Your customer service team is in a unique position to help confirm the impact of an incident with regards to your end users. This is especially important when you have a contractual service level agreement (SLA) with your users, particularly if different customers might have different SLAs. Your customer service team will have the insight to know when your services are reaching their SLA for certain customers and alert the responding team. This is an important piece of information to manage, and engineering teams might not have the visibility into those contractual agreements.

Managing customer SLAs aids in the prioritization of issues during incidents, if restoring some services first will maintain an SLA for a customer or category of customers. Customer service can also advise on whether or not an incident should be escalated or have its severity increased based on the customer intelligence they are receiving. More customer impact could mean a higher severity level for the incident, more responders included in the triage, and more stakeholders informed.

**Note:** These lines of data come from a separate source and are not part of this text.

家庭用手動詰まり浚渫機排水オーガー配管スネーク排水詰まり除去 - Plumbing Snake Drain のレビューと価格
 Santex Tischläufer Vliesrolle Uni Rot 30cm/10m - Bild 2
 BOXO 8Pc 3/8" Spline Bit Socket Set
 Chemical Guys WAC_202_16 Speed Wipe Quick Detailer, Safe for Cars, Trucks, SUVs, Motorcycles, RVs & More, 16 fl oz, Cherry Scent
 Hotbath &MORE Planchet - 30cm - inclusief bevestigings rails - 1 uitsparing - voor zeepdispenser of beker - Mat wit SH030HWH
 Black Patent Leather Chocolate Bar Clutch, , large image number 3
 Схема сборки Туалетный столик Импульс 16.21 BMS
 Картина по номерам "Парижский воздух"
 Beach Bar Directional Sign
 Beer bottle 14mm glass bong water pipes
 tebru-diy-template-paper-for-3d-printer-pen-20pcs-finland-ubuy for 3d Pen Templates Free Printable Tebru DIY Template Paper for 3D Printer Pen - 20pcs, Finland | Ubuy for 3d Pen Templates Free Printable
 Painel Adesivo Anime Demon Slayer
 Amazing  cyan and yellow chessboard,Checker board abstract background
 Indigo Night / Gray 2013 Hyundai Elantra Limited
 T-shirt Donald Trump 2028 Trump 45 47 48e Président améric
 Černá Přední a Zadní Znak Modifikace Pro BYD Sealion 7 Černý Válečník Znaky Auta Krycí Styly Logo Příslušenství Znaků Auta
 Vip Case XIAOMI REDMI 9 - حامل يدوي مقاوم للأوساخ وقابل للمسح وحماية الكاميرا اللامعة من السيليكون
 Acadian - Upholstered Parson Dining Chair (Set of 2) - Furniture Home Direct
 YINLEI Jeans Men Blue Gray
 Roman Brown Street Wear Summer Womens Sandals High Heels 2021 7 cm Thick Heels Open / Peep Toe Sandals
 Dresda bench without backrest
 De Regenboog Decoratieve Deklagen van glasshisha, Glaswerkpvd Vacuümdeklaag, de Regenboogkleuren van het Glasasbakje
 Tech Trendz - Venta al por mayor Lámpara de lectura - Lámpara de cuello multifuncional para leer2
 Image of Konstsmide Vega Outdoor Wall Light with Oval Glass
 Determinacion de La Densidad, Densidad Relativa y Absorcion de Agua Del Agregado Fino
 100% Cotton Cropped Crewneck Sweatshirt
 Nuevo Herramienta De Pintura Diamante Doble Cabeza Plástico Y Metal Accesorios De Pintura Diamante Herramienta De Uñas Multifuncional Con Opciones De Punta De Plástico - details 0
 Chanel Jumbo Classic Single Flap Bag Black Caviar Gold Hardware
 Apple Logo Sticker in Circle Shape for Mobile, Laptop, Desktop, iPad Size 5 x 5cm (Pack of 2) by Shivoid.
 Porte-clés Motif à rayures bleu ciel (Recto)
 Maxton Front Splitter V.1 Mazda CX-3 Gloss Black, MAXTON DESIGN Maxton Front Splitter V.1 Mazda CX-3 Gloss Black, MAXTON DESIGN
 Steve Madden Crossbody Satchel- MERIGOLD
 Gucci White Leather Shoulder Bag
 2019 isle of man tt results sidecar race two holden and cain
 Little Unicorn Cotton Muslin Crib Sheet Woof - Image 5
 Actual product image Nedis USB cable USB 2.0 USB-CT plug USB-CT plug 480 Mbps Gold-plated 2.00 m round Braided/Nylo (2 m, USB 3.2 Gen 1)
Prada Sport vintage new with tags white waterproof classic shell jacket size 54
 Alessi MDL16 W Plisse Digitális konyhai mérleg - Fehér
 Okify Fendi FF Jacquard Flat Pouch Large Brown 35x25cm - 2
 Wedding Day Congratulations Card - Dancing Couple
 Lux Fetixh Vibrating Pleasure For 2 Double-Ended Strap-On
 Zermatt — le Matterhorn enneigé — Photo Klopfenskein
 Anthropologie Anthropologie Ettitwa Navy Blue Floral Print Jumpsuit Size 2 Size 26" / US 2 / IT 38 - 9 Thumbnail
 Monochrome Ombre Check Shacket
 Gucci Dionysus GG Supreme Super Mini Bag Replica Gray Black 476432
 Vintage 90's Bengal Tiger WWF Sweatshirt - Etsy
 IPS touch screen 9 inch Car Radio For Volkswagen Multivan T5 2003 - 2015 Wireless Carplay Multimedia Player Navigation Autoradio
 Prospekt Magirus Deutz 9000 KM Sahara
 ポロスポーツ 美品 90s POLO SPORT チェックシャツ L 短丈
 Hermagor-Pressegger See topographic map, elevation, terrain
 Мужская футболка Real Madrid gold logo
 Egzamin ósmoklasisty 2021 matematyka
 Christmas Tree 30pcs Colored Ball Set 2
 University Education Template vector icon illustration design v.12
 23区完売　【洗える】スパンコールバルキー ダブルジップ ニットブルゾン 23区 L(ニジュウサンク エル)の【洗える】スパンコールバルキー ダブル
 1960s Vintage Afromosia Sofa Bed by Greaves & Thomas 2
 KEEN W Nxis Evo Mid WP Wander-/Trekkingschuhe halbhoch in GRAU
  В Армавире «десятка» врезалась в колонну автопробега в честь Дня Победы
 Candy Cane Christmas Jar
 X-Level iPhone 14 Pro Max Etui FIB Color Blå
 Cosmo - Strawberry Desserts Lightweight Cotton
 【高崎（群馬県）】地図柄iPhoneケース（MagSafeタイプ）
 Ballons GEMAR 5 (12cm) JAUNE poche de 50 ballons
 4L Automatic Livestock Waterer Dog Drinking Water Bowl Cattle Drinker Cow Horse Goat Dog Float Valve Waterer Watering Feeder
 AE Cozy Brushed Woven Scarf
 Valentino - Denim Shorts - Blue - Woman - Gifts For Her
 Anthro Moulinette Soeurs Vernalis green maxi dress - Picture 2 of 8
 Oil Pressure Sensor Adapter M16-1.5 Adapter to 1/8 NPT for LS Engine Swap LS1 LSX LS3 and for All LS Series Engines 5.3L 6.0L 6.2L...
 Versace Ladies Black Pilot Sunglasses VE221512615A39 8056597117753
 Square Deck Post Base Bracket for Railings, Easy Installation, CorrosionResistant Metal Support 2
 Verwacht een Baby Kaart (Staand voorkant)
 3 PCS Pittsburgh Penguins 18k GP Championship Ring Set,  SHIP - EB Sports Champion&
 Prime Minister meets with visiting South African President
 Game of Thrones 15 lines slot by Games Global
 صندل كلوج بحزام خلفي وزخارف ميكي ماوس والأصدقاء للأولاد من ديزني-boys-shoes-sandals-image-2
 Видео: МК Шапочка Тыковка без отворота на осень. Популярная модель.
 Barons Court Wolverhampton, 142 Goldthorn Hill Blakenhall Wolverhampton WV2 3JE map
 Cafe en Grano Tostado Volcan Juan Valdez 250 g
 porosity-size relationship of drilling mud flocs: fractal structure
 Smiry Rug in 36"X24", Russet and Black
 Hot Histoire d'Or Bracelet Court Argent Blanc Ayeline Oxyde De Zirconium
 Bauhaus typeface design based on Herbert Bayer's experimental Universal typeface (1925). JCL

Customer Liaison and Stakeholder Communication#

We’ve written about communications during incidents in some of our other ops guides. In the Incident Response guide there is a section on the Customer Liaison, and communicating with customers. We also have the Stakeholder Communications guide that delves deeper into the specifics of communicating during an incident.

Your customer service team leaders are essential participants when it comes to codifying your communications practices for incidents. Customer service teams should be helping to create the messaging for customers, templatize responses, and manage communications channels.

Not all of your customers will be watching your social media accounts for updates, or even to verify if there is an issue going on with your services, before reporting to your support team. Communications from your customer service team during an incident should be built into templates with clear information about the services impacted and where to go for more information.

Post-Incident Follow Up#

Maintaining customer relationships after an incident is crucial. Incidents happen to everyone, all the time, and how your organization responds and communicates with customers afterwards will set you apart from other organizations.

Many customers will figure out when a service is restored and things are back to normal when they try to access the service, or if they are watching your status page or status updates. For customers that report issues, and for customers with priority support or other white glove services, your customer service team is there to reach out personally and let users know that the incident is over.

Depending on the nature of the services impacted and user interest, your customer service team may notify users when the services are verified to be restored, but they can also notify customers after the postmortem is held. This gives the customer service team extra data to present to the users about the impact of the incident, the resolution, and the long-term plans for prevention. The customer service team follows the incident reports in a full-case ownership methodology, providing the customer with a consistent point of contact through issue resolution.

An incident that violates a contractual SLA definitely warrants a personal response from your organization, particularly if refunds or credits are due to impacted users. Even if the contractual obligations aren’t broken, customer service teams can identify users that might need additional attention, assurances, or incentives after an incident.